Thank you! Mickey became a symbol of America, but had no real personality. Truth is that after Disney went whole hog for feature-length animated films, its cartoon shorts grew increasingly lame. Who can remember more than one Mickey Mouse short after "The Sorcerer's Apprentice" in Fantasia?
OTOH, anyone who can recall Bugs, Daffy, Porky, Yosemite Sam, Elmer Fudd, Speedy Gonzalez, Foghorn Leghorn or Wile E. and the Road Runner before PC took hold can remember Saturday mornings filled with belly laughs. What's Opera, Doc?, Duck Amuck and it's response Rabbit Rampage immediately come to mind. This is not to mention William Hanna & Joseph Barbera's breakthrough creation Tom & Jerry, and Tex Avery's side-splitting deadpan basset hound Droopy ("Y'know what? I'm happy.")
My reply above was meant to be to you I think.
Gosh the endless Dinosaur Media Death Watch is amazing considering that the movie industry will make more money than last year. In order for the Media to die we are going to have these threads until the end of every FREEPERS life for sure (even the youngest one out there). I just don't see the media going anywhere anytime this century.
Who killed Roger Rabbit? was great. The Disney cartoon movies like "Little Mermaid" are what my kids, now 20 love and remember. Lion King. Jasmine. Mulan. Pochahontus. Classics of another era.
Sadly WB didn't make feature length cartoons in the 1980s and 1990s that I am aware of. Did they even make shorts?
Space Jam.
Yes, I agree. Define Dinosaur Media? Any media conglomorate? Some will prosper and continue. I would put money on Disney being one of them.
If you limit Dinosaur media to the things actually endangered by the new media it would be a more interesting thesis. To me that would be #1 with a star: daily newspapers on paper. Totally unneeded in a connected world of the net / laptops/ wireless. And #2 the big three broadcast networks - in an era of 1000 channel cable and sattelite ubiquity.
Radio - the older sibling of TV, seems to be haning on and flourishing.
So the Dino thing is imprecise and unenlightening.
It was cute the first 1000 times I saw it. Once the (tm) got added I think you started taking yourself a little too seriously.
Rethink and rework. Grade: C-.
Good call. I had forgotten that. It was pretty bad wasn't it? It's not a cultural icon like Lion King.
Advantage Disney.
I think this qualifies as DeathWatch reporting. Anything that relates to layoffs, downsizing, re-organizing, human resource re-tasking, or what ever euphemism they chose, is relevant by definition.
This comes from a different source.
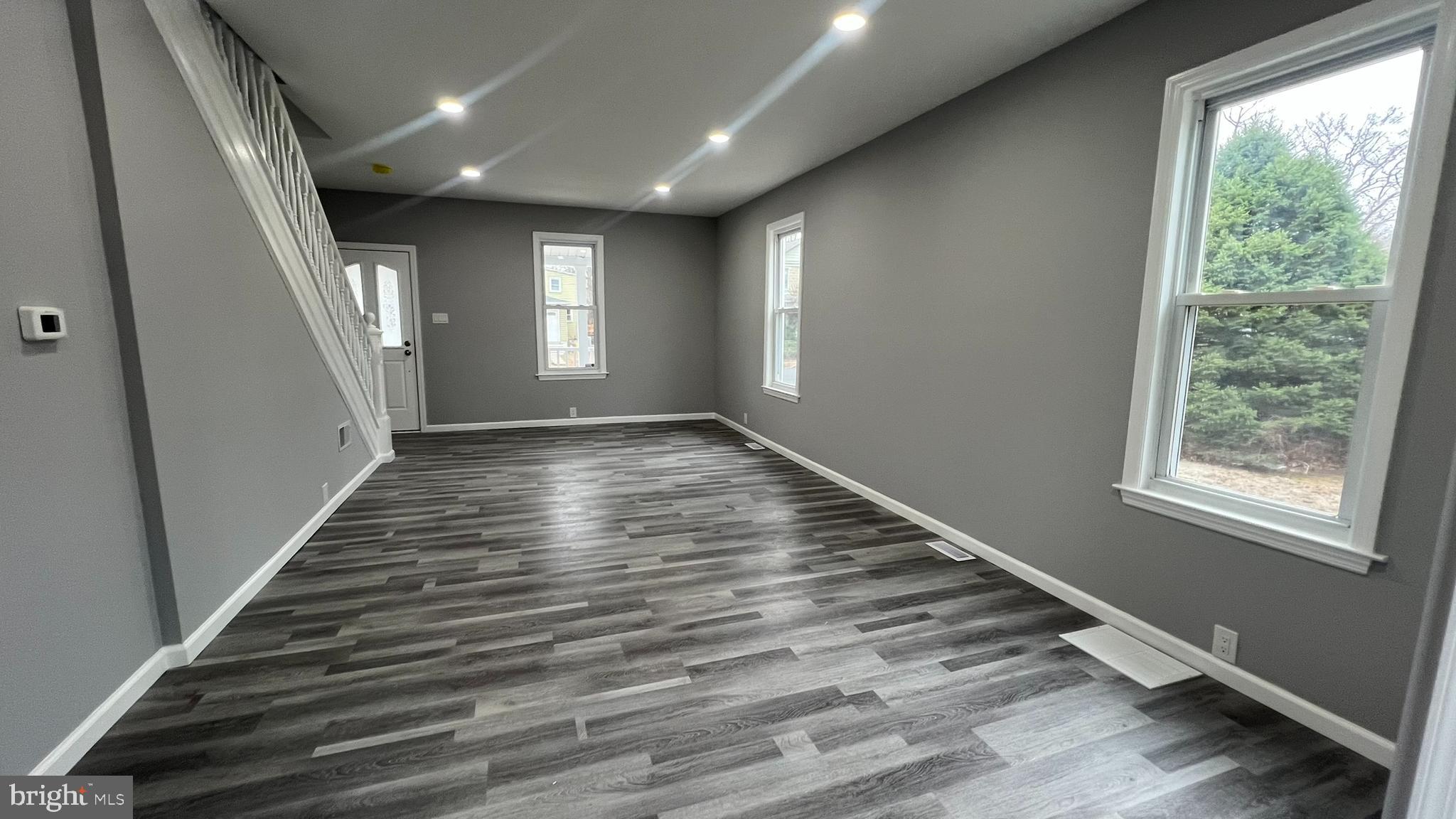 434 East Maple Avenue Lindenwold, NJ 08021 - Photo 10 of 36 an empty room with wooden floor and windows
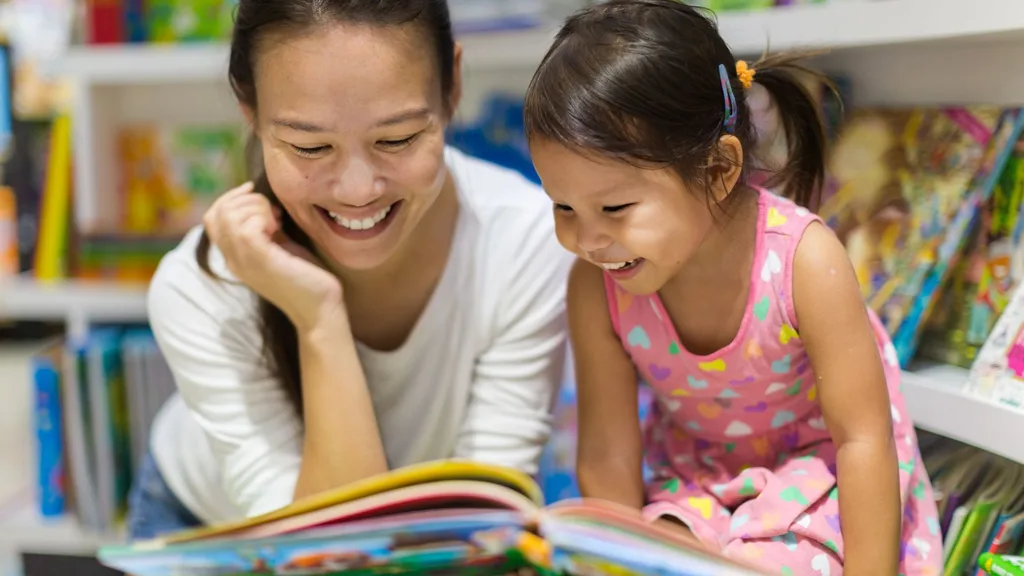 An Asian mother reads a picture book to her daughter.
Full disclosure: I'm a Disney stockholder and have been for years. I grew up watching "Wonderful World of Disney." I still to this day have Disney Comics I read when I was a child fifty (50) years ago. The reason I bought the stock twenty five years ago was I had faith in their purpose.
I think they've been headed in the wrong direction for years and I vote against the board nominees every year. It isn't the company Walt created and I think he's turning over in his grave at what it has become. It breaks my heart, too.
What was once strictly a family movie studio isn't any more. It hasn't been that for years. When the Disney Channel first came on cable in the early eighties you could allow your young kids to watch without having to worry about inappropriate content. You can't do that now.
The older Disney animated movies are indeed classics, and I still enjoy watching them today. However, no one can argue that the movies of the last few years have a decided PC slant. At this past spring's Disney annual meeting, CEO Robert Iger refused to re-release the Academy Award winning movie "Song of the South."
Disney, like all the Drive-By Media companies, will not change unless sufficient financial pain is inflicted upon them. They are, after all, part of Hollywood...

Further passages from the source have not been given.